Seattleoperafan said:


> I thought I had done a Mon coeur s'ouvre a ta voix contest for you guys with her in it but I can't find it anywhere in a search. It is one of my very favorite arias ( a woman seducing a hunk you know with music by a fav composer of mine) and I know some great versions. Unless you remember me doing it I'll create one now for down the road right now. It might be unfair to use this video as it would have things stacked in it's favor  I checked and I don't think I can use Farrell in that competition because that is her only version of Mon coeur s'ouvre a ta voix and it is cut in half so I don't think you guys would count that.

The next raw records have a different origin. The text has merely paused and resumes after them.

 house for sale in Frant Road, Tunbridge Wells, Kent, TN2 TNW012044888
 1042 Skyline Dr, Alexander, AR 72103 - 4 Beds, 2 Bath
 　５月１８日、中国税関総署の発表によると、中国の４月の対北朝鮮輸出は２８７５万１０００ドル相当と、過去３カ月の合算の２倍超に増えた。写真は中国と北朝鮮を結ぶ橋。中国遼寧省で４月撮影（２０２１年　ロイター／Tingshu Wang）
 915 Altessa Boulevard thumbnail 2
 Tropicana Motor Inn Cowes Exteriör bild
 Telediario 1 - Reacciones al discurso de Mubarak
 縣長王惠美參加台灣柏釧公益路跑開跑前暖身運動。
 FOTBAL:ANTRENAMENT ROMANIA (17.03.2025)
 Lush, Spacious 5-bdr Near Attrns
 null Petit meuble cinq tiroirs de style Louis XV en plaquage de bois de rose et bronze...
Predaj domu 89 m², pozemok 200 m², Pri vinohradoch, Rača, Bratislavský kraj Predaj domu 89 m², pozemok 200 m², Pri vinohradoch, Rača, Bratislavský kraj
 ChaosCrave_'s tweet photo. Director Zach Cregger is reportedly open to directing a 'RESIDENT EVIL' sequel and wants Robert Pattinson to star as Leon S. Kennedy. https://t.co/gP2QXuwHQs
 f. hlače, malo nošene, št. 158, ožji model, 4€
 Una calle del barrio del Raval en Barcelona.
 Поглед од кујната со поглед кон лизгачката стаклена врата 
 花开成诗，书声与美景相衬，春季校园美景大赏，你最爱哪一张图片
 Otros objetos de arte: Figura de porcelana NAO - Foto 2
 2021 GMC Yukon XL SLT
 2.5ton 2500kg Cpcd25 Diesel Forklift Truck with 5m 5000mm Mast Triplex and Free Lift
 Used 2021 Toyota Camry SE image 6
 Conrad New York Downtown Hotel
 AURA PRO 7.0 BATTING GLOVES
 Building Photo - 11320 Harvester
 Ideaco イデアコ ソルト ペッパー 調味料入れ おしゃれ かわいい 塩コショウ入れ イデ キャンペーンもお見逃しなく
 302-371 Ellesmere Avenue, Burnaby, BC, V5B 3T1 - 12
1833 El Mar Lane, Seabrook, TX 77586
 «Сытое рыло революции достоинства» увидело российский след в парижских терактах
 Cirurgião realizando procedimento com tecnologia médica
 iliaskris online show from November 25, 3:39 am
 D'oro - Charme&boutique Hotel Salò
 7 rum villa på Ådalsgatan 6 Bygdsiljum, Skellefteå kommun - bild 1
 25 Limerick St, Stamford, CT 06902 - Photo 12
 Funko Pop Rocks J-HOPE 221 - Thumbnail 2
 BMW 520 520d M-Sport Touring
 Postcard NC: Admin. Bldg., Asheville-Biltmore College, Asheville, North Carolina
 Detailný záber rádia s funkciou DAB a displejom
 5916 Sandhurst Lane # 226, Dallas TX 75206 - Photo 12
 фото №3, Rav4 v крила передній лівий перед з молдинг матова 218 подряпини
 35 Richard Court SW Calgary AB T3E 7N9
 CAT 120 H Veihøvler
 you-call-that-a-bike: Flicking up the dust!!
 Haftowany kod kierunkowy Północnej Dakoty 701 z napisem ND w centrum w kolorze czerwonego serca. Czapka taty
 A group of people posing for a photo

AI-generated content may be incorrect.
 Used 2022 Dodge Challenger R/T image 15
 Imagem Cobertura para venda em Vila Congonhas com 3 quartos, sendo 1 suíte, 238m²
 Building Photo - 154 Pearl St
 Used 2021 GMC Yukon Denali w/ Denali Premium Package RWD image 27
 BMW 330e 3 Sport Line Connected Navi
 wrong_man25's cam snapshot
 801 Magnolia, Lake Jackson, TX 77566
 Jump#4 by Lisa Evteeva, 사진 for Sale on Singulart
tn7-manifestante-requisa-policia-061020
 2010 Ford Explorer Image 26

I only remember seeing an old contest, not made by you, where the videos were blinded, but not available on youtube at the time I looked at it. Perhaps it was made by schigolch, I am lazy to verify it.


----------



## BBSVK (10 mo ago)

@Seattleoperafan , your "like" gave me new youthful energy to find it: 









Opera Wars


Dalila's wonderful aria, "Mon coeur s'ouvre a ta voix", is placed in the second act of the opera Samson et Dalila, by Camille Saint-Saëns. The aria is written in D flat major, and orchestrated with harp, flute, oboe, clarinet, horns and strings. In the opera, Samson sings "Dalila! Dalila! Je...




www.talkclassical.com


----------



## Tsaraslondon (Nov 7, 2013)

BBSVK said:


> @Seattleoperafan , your "like" gave me new youthful energy to find it:
> 
> 
> 
> ...


I've banged on about this in the past, but it does seem to me to be important. Saint-Saëns wrote that the phrase, _Ah, réponds à ma tendresse _be sung in one breath. Almost all versions I've heard break up the phrase by adding a second _réponds _which gives the singer the chance to snatch a second breath, which is easier to do the second time she sings the phrase, when she sings _verse moi, verse moi l'ivresse. _Typically it is Callas, a soprano, who sings what Saint-Saëns wrote, even singing _verse moi, verse moi l'ivresse _without a breath the first time round, though she does snatch a quick breath the second time round. I've often wondered if that was the reason she refused to allow the aria to be released while she was still alive. It was omitted from her first French recital and only saw the light of day after her death. She must have been being pretty picky, because her rendition is as near perfect as could be; seductive, sexy and dangerous.


----------



## BalalaikaBoy (Sep 25, 2014)

Woodduck said:


> Let's hear her, shall we?
> 
> 
> 
> ...


You and Seattle beat me to it.


----------



## Woodduck (Mar 17, 2014)

BalalaikaBoy said:


> You and Seattle beat me to it.


It's OK. There's plenty of both of them to go around (no, I don't mean me and Seattle).


----------